If You Wish to Exercise Your Vested Company Options Prior to the Effective Time
You may also choose to exercise your Vested Options prior to the Effective Time. If you wish to so exercise, please contact Xxxxx Xxxxx at the Company no later than 12 PM, Pacific Time, August 13 2014. No exercises of Company Options will be permitted after 12 PM, Pacific Time, August 13, 2014. To exercise, you must provide a completed exercise notice to the Company and pay the aggregate exercise price and any applicable withholding taxes applicable to the Vested Options you are exercising in cash by the above date. As a stockholder of the Company at the Effective Time, a portion of the Merger consideration that you receive for your shares will be held back as described above. For the avoidance of doubt, no Holdback Employee is permitted to exercise his Vested Options.

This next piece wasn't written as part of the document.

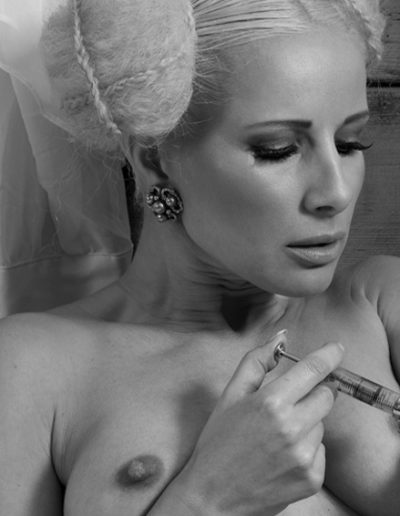 Detail_40x30 Loveless (In Denial)_439x632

Exercising Incentive Stock Options: If you exercise Vested Options that qualify as “incentive stock options” (“Vested ISOs”) under federal tax law, the aggregate amount of the Per Share Amount payable for the underlying shares (including the full amount of the Escrow Amount and Expense Fund Amount potentially payable with respect to those shares) minus the aggregate exercise price applicable to those shares (such difference, the “Vested Spread”) will be reported as ordinary income to you for U.S. federal income tax purposes. None of the Vested Spread reported to you as ordinary income in connection with your exercise of Vested ISOs will be subject to income or employment tax withholdings under applicable U.S. federal tax law. Please note that you should consider consulting your own tax adviser to understand the amount of employment taxes that will otherwise apply if you choose not to exercise your Vested ISOs.

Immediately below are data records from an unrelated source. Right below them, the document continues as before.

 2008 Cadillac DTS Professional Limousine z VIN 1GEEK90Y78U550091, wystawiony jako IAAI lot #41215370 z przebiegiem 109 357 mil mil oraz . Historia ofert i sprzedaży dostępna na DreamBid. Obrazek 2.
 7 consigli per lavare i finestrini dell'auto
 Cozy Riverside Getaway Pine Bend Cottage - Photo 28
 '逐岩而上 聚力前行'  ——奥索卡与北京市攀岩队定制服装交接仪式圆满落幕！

Exercising Nonstatutory Stock Options: If you exercise Vested Options that do not qualify as incentive stock options and are considered to be “nonstatutory stock options” (“Vested NSOs”), the Vested Spread will be reported to you as ordinary income. The full amount so reported will be subject to all applicable income and employment tax withholdings.

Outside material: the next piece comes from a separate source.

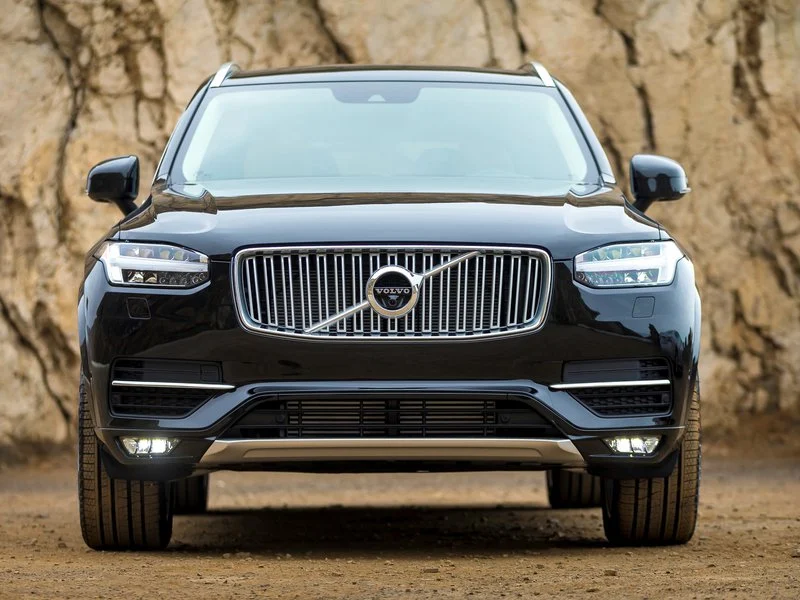 volvo-xc-90-my2019-front-view-muso-anteriore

Please note that, if your Vested Options remain outstanding at the Effective Time, they will automatically be cancelled and converted into the right to receive the cash amounts described above. EXCEPT AS NOTED IN THE NEXT PARAGRAPH, YOU DO NOT NEED TO EXERCISE YOUR VESTED OPTIONS IN ORDER TO RECEIVE THE CASH AMOUNTS DESCRIBED ABOVE.
However, if your Vested Options will expire prior to the Effective Time or you otherwise want to exercise your Vested Options prior to the Effective Time, please contact Xxxxx Xxxxx by phone or via email as soon as possible to make the appropriate arrangements. The Company will not process option exercises after 12 PM, Pacific Time, August 13, 2014.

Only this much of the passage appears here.